» PROBLEM TO SOLVE
Only the lines from the one with "Domingo Propiedades" through the end of the data below belong in the answer, restated word for word, pictures excluded.

» DATA SHOWN
Segment Open

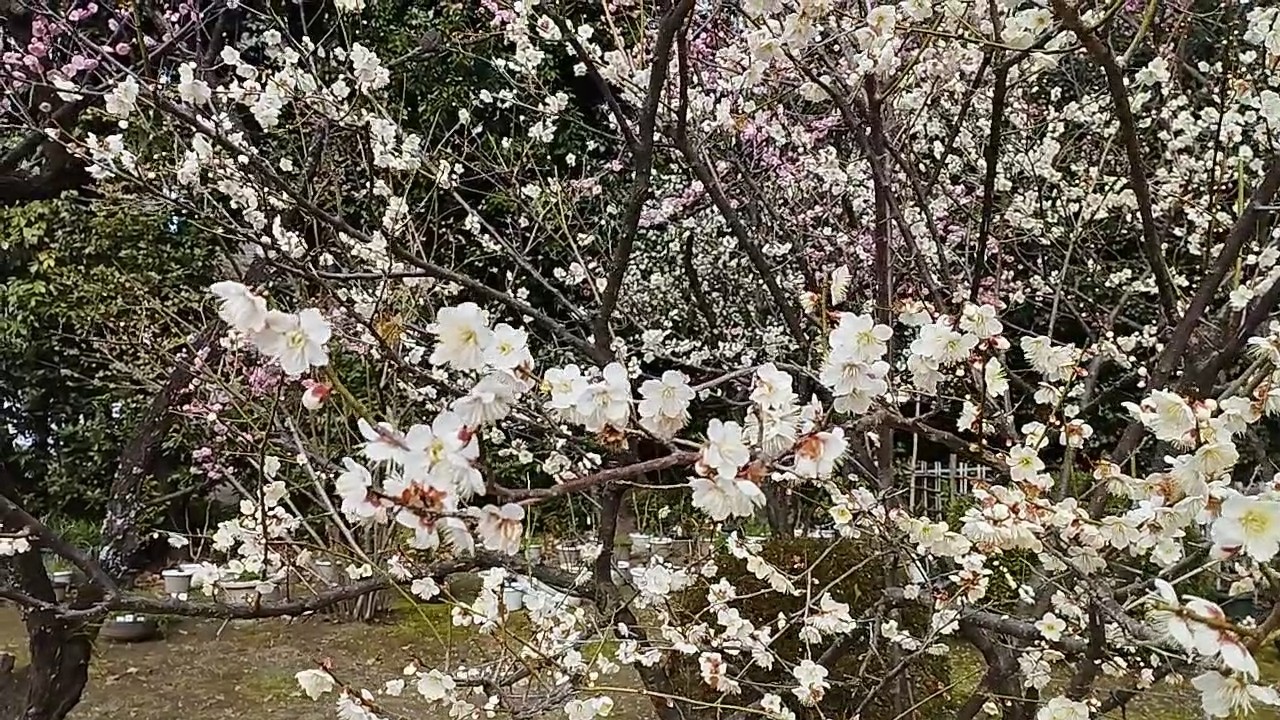 plum blossoms in Japan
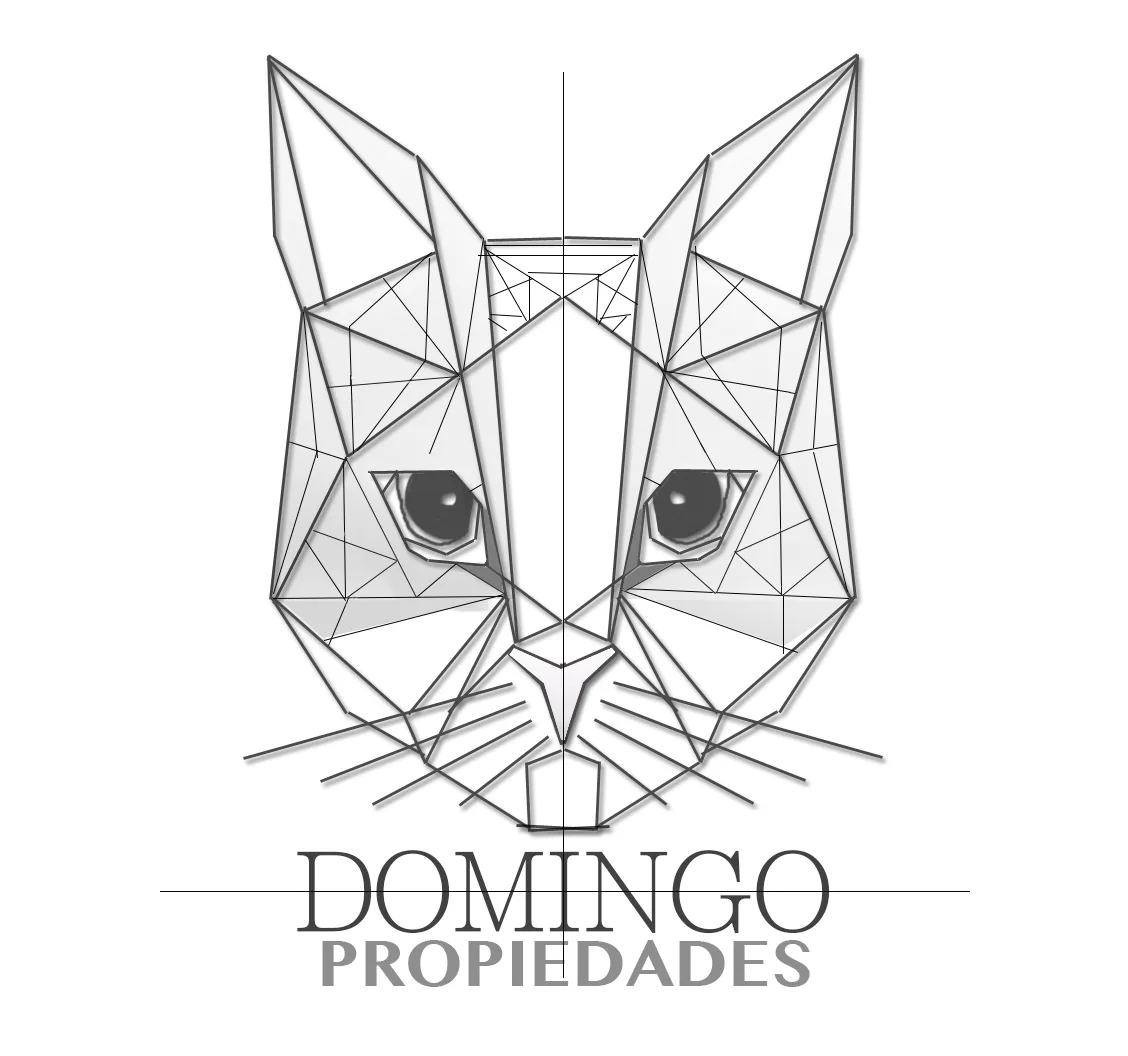 Domingo Propiedades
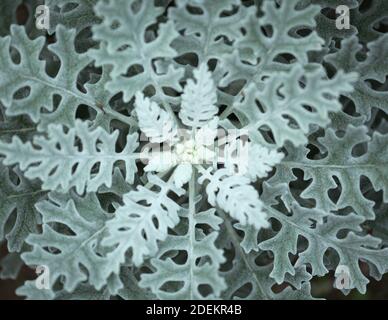 Leaves of Jacobaea maritima, commonly known as silver ragwort natural floral macro background Stock Photo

Segment Closed

» WRITTEN ANSWER
 Domingo Propiedades
 Leaves of Jacobaea maritima, commonly known as silver ragwort natural floral macro background Stock Photo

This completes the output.